Una carriera che, però, non sbocciò mai per davvero, come d'altra parte scarso fu il futuro che ebbe il piacevole trip-hop di quelle prime fatiche in studio. Dal profondo di un mesto dimenticatoio, così, la band guidata dal polistrumentista Alex Callier ha provato e riprovato a rimettersi in gioco con svariati cambiamenti di registro, di stile e anche di formazione, l'ultimo dei quali ha visto la vocalist dei primi successi, la bionda Geike Arnaert, sostituita dalla giovanissima Noémie Wolfs, frontwoman dotata di quel fascino indie-tormentato che tanto fa cool ai giorni nostri.
Ed è forse anche per adeguarsi alle nuove competenze vocali della Wolfs che sul loro ultimissimo album gli Hooverphonic installano il proprio sound su canoniche, ruffiane coordinate pop-rock, prendendo un po' dei Cranberries e un po' della malinconia della O'Riordan solista (il roco cantato di "Bad Weather", o le dolcezze di "Ether"), qualcos'altro dallo spleen di tanti act alternative contemporanei (l'incoraggiante apertura del singolo "Amalfi", purtroppo dissolta presto in una coda interminabile di inspiegabili "na-na-na"), finendo anche per smarrirsi in pasticciati omaggi adesso al dance pop ("Boomerang") o agli anni '60 (l'improponibile botta-risposta del ritornello di "Devil Kind Of Girl").
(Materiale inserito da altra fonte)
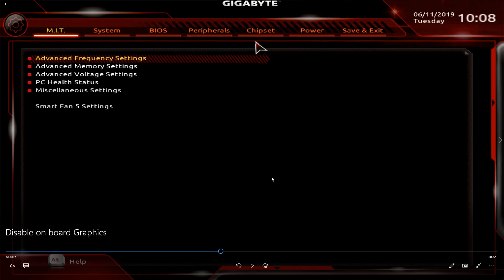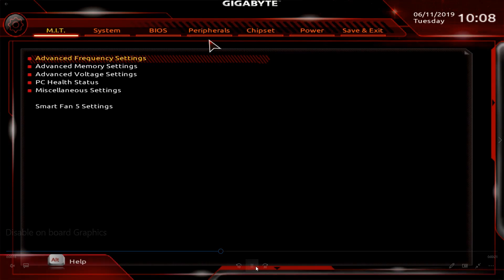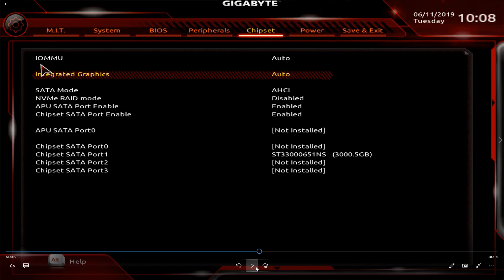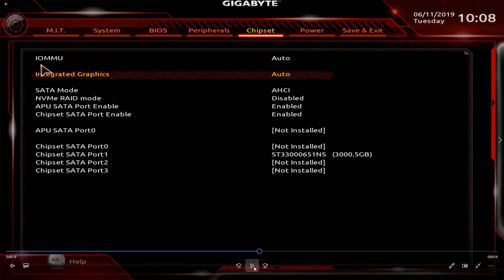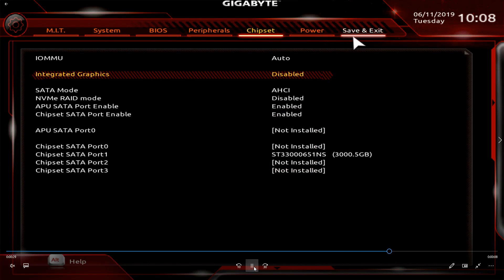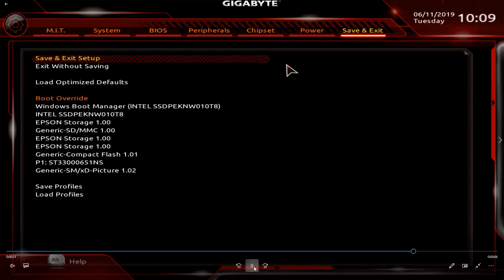Go over here to where it says Chipset. You click on Chipset. Right there, right below where the error is, it says Integrated Graphics — it's on auto. That's the way mine runs and I have no problem with this, but some people have been having problems with this issue. You go down to Integrated Graphics, you double click on it, take it down and hit the disable button. Then you want to go up to Save and Exit, Save and Exit Setup. And that's the way you disable the onboard graphics.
Bastano poche battute per capire che aria tiri, e ognuna delle tantissime tracce non sarà che un'amarissima conferma: tra le mani abbiamo una raccolta di quindici brani che nel più favorevole dei casi si dimenticano presto, nel peggiore lasciano ben impresse in memoria le tremende laccature di cui fanno sfoggio. Troppo inutili cori, troppi rimandi a prassi compositive cadute in disuso da decenni, troppe ballate molli e inconcludenti (vogliamo parlare di "ABC Of Apology"?). E dire che alla base della registrazione c'era un progetto anche abbastanza interessante, ribattezzato "Hooverdomestic", che non era -come potrebbe sembrare- una vendita di aspirapolveri porta a porta, ma l'incisione delle tracce in diverse abitazioni messe a disposizione dai fan, utilizzando anche strumenti musicali trovati in loco. Lodevole iniziativa, indubbiamente, ma un particolare processo costruttivo non può rendere godibili idee pessime alla radice. E il prodotto, dunque, non può che essere un album come "Reflections": stucchevole, vuoto, superfluo.